"Should I? No! I want to. I can't. I must. Of course not. I should try immediately."excerpted from Bossypants
Tina Fey offers up her latenight decision making process that eventually culminated in getting ready for baby # 2 after 40. Why is it so difficult for people to make decisions!? Supposedly we all are a central actor in the lives we lead, and yet our heels cool as they dangle. The larger question of "what the hell do I want out of life?" dances close and then slips away - on repeat - until change becomes the only option left. Books abound on the subject these days, a mix of scientific acknowedgment of why it is so difficult to cut out new, invigorating paths, and also, "how to" take that information and become the "master of your own destiny". The range and sophistication is broad, from manifest destiny to brain plasticity. If you are interested, it's out there! Watching how decisions or non-decisions play out is one of the reaons I love fiction.

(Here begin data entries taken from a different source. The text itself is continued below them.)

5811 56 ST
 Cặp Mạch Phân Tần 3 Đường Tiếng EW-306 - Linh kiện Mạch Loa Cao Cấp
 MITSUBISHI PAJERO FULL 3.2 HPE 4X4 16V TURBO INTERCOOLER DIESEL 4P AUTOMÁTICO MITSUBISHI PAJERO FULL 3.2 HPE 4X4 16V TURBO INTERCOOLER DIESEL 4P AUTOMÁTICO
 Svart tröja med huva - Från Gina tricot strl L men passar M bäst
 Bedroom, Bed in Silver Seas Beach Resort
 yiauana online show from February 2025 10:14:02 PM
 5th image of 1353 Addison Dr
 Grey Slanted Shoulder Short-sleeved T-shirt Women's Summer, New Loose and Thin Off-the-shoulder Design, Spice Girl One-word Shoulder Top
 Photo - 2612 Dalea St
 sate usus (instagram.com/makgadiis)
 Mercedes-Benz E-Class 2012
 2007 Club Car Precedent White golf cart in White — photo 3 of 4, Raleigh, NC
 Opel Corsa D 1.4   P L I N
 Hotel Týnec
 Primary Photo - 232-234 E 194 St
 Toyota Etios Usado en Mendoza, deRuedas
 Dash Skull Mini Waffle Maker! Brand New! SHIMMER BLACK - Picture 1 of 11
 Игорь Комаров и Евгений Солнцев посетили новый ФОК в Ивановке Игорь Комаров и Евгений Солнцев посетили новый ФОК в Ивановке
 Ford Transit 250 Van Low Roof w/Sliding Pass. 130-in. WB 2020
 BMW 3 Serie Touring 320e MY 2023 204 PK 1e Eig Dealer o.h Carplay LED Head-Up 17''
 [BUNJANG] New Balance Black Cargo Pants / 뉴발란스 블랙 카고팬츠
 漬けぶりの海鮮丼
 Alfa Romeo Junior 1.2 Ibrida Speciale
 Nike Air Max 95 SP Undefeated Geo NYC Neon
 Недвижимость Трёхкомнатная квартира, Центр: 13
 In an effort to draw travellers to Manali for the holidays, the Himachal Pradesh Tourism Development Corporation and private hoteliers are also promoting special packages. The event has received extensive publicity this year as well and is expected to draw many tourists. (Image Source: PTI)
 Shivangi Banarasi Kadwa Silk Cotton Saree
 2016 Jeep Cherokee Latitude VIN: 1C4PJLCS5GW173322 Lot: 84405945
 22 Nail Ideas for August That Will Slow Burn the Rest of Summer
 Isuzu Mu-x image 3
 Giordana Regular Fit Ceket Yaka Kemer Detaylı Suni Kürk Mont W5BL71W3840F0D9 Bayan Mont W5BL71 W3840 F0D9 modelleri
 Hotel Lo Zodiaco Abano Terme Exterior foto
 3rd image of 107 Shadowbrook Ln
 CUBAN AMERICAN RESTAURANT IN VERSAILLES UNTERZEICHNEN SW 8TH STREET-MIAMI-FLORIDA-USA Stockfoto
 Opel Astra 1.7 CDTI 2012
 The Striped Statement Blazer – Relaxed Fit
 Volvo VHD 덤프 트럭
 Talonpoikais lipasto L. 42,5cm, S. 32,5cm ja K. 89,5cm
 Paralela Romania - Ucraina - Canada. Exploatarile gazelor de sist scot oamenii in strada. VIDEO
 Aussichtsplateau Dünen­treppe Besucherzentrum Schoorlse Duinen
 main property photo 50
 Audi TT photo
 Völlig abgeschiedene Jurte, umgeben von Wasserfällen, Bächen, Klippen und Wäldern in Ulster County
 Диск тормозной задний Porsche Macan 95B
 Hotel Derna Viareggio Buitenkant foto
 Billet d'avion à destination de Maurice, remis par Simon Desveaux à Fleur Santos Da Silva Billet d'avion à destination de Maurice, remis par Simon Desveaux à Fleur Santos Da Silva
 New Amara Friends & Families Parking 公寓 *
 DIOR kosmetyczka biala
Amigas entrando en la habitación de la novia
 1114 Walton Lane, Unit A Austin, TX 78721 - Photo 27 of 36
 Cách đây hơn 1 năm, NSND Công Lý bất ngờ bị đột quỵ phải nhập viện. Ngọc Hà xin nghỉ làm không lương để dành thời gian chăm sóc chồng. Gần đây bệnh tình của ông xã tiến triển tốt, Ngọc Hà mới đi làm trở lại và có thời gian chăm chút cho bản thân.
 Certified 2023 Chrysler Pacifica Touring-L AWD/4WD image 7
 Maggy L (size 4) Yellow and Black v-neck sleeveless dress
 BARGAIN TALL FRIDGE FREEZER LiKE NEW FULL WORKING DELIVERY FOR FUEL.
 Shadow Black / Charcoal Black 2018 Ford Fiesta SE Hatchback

Like the riff Tina Fey confided , the neurotic overtures characters make to themselves may be lost even to those closest to them. Samuil Kransnansky, a feature voice in David Bezmozgis AWESOME new novel, The Free World, is a perfect example of this. This wonderful book is set in the purgatory of Ladispoli Rome, as a family of Lativan Soviet emigres wait to see which country will accept them. Throughout the book family members explore their new reality, dealings in the black market, infidelities, playing around with being "Jewish". While this is happening, Samuil walks the coasts wondering what the hell happened to his life. A commited communist who gave everything to forge a life of "soviet virture", abandoned, to follow his children and wife, who according to Samuil have little virture and even less sense. A touching memory series unfolds Samuil to the reader, while to the rest of his family, he is doomed to remain the quiet, pissed off old soviet out for a stroll. I champion people's courage to pick up books to better help themselves navigate the world. I champion fiction for underscoring, that perhaps it ain't that simple.